The recipes vary, so you may already have an idea. There are so many options for shaping bread. With just a few shaping techniques tips and some examples of fun designs, you will be on your way to making expert-level bread in no time!
Variations in shaping the dough
People like the various shapes they can achieve in shaping and baking their bread in the oven.
Shape dough into your favourite rolls. Suggestions follow.
Traditional sandwich loaf
You could take your dough ball, stretch it into a traditional bread pan (Pullman Pan), and bake that in the oven if you want the classic loaf shape you get at a grocery store.
Prepare a loaf pan by spraying it generously with pan spray or coating it with oil.
Once you have folded the bread dough, flip the dough over so that the seam is on the bottom and tuck the layered sides underneath so the entire exposed surface of the dough is smooth.
Place the dough into the prepared pan. Gently pull it towards the edges of the pan to create a taut skin. The dough does not need to fill the entire bottom of the pan because it will expand to fill the pan as it rises.
Bread pan size
Deciding the size of the loaf pan you want to use is crucial to the result.
Don’t go any smaller than noted in the recipe. Too small, and your bread will rise out of the pan.
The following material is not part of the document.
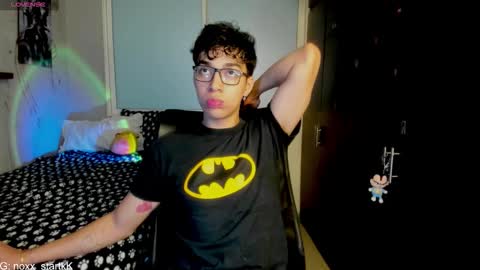 Snapshot of noxx_stark chatting on March 2026 01:51:01 AM Noxx online show from March 2026 01:51:01 AM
Or you can use a smaller pan, pull out some of the dough and make rolls with it instead.
Too large, and your bread will appear squatty or like it wasn’t allowed to rise long enough. You may go a little bigger; however, pay attention and don’t let your bread rise more than double its original size.
Note: The pans come in various sizes and names depending on what a manufacturer decides to offer.
If you don’t have a larger pan, consider baking part of the dough in your smaller pan (enough for the unrisen dough to fill the pan 1/2 to 2/3 full) and making rolls from the rest.
How do I know what size pan to choose?
As a rule of thumb, the pan should be enough for the unrisen dough to fill the pan 1/2 to 2/3 full.
The loaf pan is at its limit if the unrisen dough fills the pan 2/3 full.
|Cups of flour||Pan size||Pan size name||Dough weight|
(or slightly less)
|12 cm x 6 cm
4.5” x 2.5”
|Miniature||6 oz (170 g)|
|1 ½ – 2||15 cm x 10 cm
5-3/4” x 3-3/4”
|Small||8 oz (227 g)|
|2 – 3||19 cm x 9 cm
7.5” x 3.5”
|Medium||1 lb (454 g)|
|3 – 3 3/4||21 cm by 11 cm or
23 x 10 cm
8.5″ x 4.5″ or 9 x 4
|Standard/Large||1.5 lb (680 g)|
|3 ¾ – 4||23 cm by 13 cm
9″ x 5″
|Quick Bread||2 lb (907 g)|
|4-5||25 cm x 13 cm
10″ x 5″
|Jumbo||2.5 lb (1134 g)|
This larger version of the roll is the simplest and most common pre-shape for a whole loaf of bread.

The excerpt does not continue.